SFEBES2018 Featured Clinical Cases Featured Clinical Cases (10 abstracts)
1University of Cambridge Metabolic Research Laboratories, Wellcome-MRC Institute of Metabolic Science, Addenbrookes Hospital, Cambridge, UK; 2Wolfson Diabetes & Endocrine Clinic, Cambridge University Hospitals NHS Foundation Trust, Cambridge, UK; 3Department of Clinical Biochemistry, Cambridge University Hospitals NHS Foundation Trust, Cambridge, UK; 4Department of Pathology, Cambridge University Hospitals NHS Foundation Trust, Cambridge, UK; 5Department of Cellular Pathology, Salford Royal NHS Foundation Trust, Salford, UK; 6Division of Neuroscience & Experimental Psychology, University of Manchester, Manchester, UK; 7Department of Neurosurgery, Cambridge University Hospitals NHS Foundation Trust, Cambridge, UK.
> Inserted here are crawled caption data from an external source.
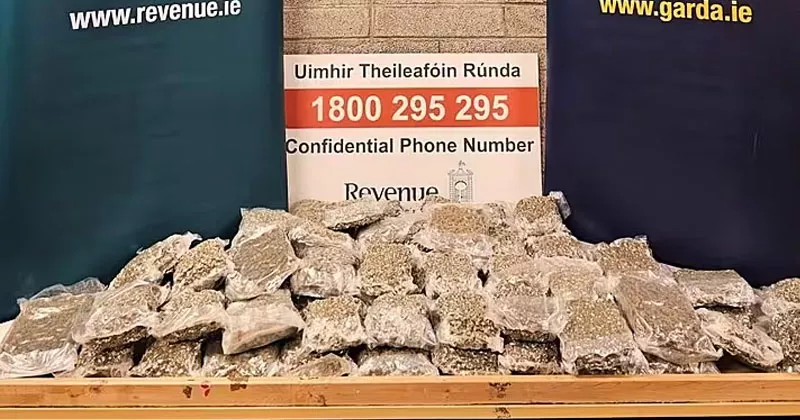 ഡബ്ലിനിൽ കഞ്ചാവ് വേട്ട; യുവാവ് അറസ്റ്റിൽ dublin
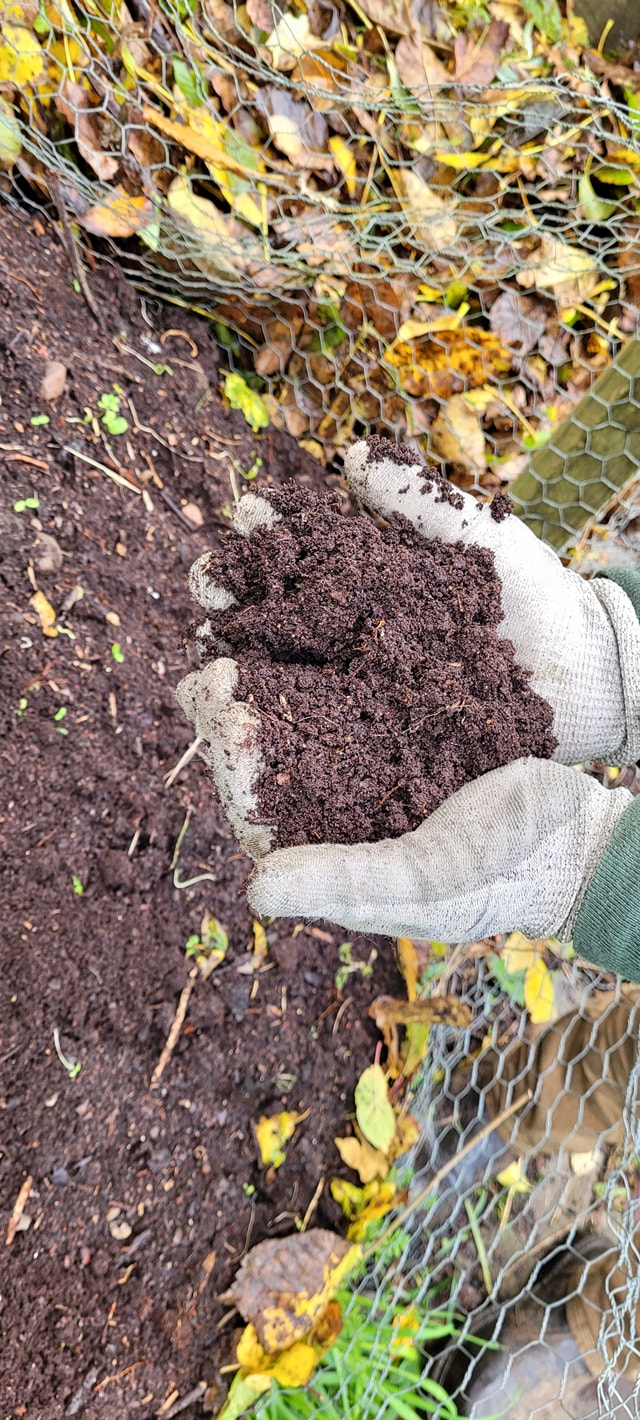 leaf composting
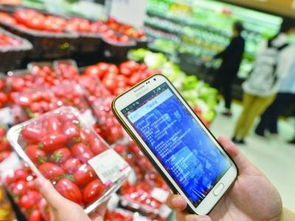 給食品銷售插上互聯網的翅膀 劉先玲與中國食品銷售網的創新實踐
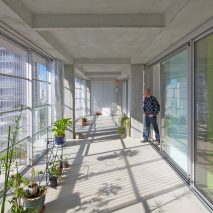 A winter garden within a housing block in France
Acromegaly is a clinical manifestation of excessive peripheral growth hormone (GH) action. Most cases result from pituitary somatotroph adenomas displaying varying degrees of GH immunoreactivity. Occasionally, GH is cosecreted with a second hormone from adenomas containing mixed cell populations (e.g. somatolactotroph tumours). Coexistence of multiple discrete adenomas, identical or distinct in hormone secretion, is infrequent. In very rare cases, acromegaly results from neuroendocrine tumours producing ectopic GHRH or even GH. We describe three male patients (P1-3) presenting with clinical acromegaly associated with elevated IGF1 (1.43×, 1.64× and 2.64× ULN), elevated basal GH (1.5, 2.4, 5.6 mcg/L) and failure to suppress GH after a 75 g glucose load (nadir GH 1.2, 2.5, 7.6 mcg/L). P1 also had elevated FSH (107 U/L [1.010.1]), associated clinically with macro-orchidism, whilst FSH was mildly elevated in P2, and just below ULN in P3. All three patients had pituitary macroadenomas with abundant FSH immunoreactivity, no or low LH immunoreactivity and, contrary to clinical presentation, no GH immunoreactivity (verified externally). All three expressed SF-1 ubiquitously but not Pit-1. Consistent with immunoreactivity, culture medium from a primary adenoma culture contained abundant FSH but undetectable GH. Cross sectional imaging (with functional imaging in 2/3 patients) failed to identify an ectopic source of GHRH or GH secretion. No circulating GHRH was detectable by immunoassay in any of the patients. Serial follow up of P1 and P2 revealed persistent mild biochemical acromegaly, elevated FSH and slowly enlarging pituitary remnants. A six-month trial of somatostatin analogue in P1 was unsuccessful in suppressing IGF1 or GH. Both patients underwent further tumour resection, with histology again demonstrating gonadotroph adenomas only. In summary, we describe a previously unreported phenomenon of clinical and biochemical acromegaly associated with pure gonadatroph adenomas, without evidence of somatotroph adenomas or hyperplasia, and without evidence of ectopic GH/GHRH secretion.